Since March 2020, the US border has been closed to 26 European countries, the UK, Ireland, Iran, China and South Africa because of COVID fears. They were the countries with the worst outbreaks at the start of the pandemic. India, which is experiencing a terrifying COVID outburst - is now also on the list and so is Brazil.


People from any other country can fly to the US, so long as they have a valid visa and a negative COVID-19 test, and Americans can also enter the US from anywhere in the world so long as they also test negative.

Holders of certain work visas, including H1B or L1 visas, however - highly-educated professionals in the case of H1B visas, and executives who are transferred through their multinational companies on L1 visas - cannot fly directly from certain countries to the US. They must quarantine for two weeks in a third country, frequently Mexico.

'I have spoken to scientists about this, and there is no scientific rationale for that policy,' said Ferro. 

Jonathan Ferro (left) spoke to Pete Buttigieg, the Transport Secretary, on Thursday morning for Bloomberg Television. Ferro asked Buttigieg to reconsider his transport restrictions

Jonathan Ferro (left) spoke to Pete Buttigieg, the Transport Secretary, on Thursday morning for Bloomberg Television. Ferro asked Buttigieg to reconsider his transport restrictions

People from any other country can fly to the US, so long as they have a valid visa and a negative COVID-19 test, and Americans can also enter the US from anywhere in the world so long as they also test negative. That includes traveling from countries like some in Africa, where the vaccine roll-out is barely off the ground, and Nepal, where a frightening new variant has been detected

People from any other country can fly to the US, so long as they have a valid visa and a negative COVID-19 test, and Americans can also enter the US from anywhere in the world so long as they also test negative. That includes traveling from countries like some in Africa, where the vaccine roll-out is barely off the ground, and Nepal, where a frightening new variant has been detected

'Why are you not changing the policy when we have scientists day after day say there is no scientific rationale for maintaining it?' 

Since March 2020, travel between the UK and America has been mostly banned. 

Americans can go to the UK now but they must quarantine for 10 days on arrival and take multiple negative COVID tests - for more than $200 - even if they're vaccinated. 

British people cannot come into the US, unless they have special circumstances that exempts them from the ban. 

The ongoing ban has been slammed as 'stuck in time' and 'outdated' when considering the fact that both countries have now vaccinated more than 41 per cent of their populations.  

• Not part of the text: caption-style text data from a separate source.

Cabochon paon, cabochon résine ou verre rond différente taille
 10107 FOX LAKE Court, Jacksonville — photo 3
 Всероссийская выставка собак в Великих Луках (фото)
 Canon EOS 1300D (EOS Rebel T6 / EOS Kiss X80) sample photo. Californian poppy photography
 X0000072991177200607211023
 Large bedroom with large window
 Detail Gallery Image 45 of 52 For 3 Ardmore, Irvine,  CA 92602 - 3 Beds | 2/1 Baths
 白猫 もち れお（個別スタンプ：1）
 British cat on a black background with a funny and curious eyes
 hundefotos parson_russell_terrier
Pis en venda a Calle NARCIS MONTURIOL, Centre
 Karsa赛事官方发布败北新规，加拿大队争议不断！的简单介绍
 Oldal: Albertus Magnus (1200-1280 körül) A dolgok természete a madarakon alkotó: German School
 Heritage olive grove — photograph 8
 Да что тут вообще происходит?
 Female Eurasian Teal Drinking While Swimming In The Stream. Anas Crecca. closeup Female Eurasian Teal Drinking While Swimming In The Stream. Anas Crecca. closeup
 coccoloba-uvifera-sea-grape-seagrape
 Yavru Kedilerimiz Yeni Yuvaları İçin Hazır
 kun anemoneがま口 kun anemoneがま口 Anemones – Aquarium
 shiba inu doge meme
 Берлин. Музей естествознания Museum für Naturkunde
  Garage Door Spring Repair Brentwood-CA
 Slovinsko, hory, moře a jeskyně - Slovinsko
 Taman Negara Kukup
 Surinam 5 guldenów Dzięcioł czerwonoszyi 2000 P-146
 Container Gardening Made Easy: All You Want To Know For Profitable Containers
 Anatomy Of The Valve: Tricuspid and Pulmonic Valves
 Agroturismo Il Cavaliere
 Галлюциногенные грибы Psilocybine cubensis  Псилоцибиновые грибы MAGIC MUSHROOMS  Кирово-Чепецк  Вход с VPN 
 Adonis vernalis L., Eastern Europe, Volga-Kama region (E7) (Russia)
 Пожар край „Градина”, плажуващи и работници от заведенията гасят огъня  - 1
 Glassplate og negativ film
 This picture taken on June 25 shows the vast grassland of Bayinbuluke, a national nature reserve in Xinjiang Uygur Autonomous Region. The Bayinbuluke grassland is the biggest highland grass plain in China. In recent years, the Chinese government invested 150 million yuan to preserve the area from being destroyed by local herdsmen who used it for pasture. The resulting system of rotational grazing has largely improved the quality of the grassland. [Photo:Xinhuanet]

Buttigieg, who ran for the Democratic nomination before supporting Biden, tried to argue that it was 'complex', and said they needed to be cautious.

Americans can currently travel freely to Europe and back, but Europeans cannot enter the U.S. unless they have a green card.  

'As transportation secretary, I am as impatient as anybody to see us move as quickly as we responsibly can toward more forms of reopening,' Buttigieg said.

'Right now what is going on is a set of working group processes.

'So we have convened working groups with our international partners - one for the UK, one for the EU, one for Canada, one for Mexico - to determine the right pathway forwards.

'A lot of this is based on what is going on with progress on the vaccines.

'Obviously we see good news and bad news out there in terms of the variants - one moment you're reading about a variant happening across world; the next you know, it's becoming the dominant variant in the US.'


Buttigieg tried to argue that the U.S. was right to be 'conservative' when dealing with the restrictions, but his host did not agree

Buttigieg tried to argue that the U.S. was right to be 'conservative' when dealing with the restrictions, but his host did not agree


Ferro was unimpressed.

'You didn't have to watch your father's funeral down the screen of an iPhone on Tuesday,' he told Buttigieg. 'I did. Because of your policies. 

'I expected you to bring up the science and I expected the quote that came from you to be used - because you used it a month ago, two months ago.'

Buttigieg replied: 'I am among those who are impatient to see loved ones who live across the Atlantic.

'The U.S. is going to be conservative in dealing with a phenomenon that has led to the deaths of 600,000 Americans.'

But Ferro insisted that the policy did not make sense.

'Regardless of anything you say for the next couple of minutes it's not going to justify it,' he told the 39-year-old.

'What I need to understand from you as a policy maker is why thousands of people who live in this country legally, and pay taxes, cannot go home to see loved ones and return directly.

'And why you still repeat the same line again and again and again. It doesn't make it true. You do not have a scientific rationale for this. You cannot back it up with science, sir.

'Why are you not going away with policy makers and doing something?'

In May, the CEOs of 22 major airlines begged Joe Biden to give them a timeline that would allow them to reopen in July. 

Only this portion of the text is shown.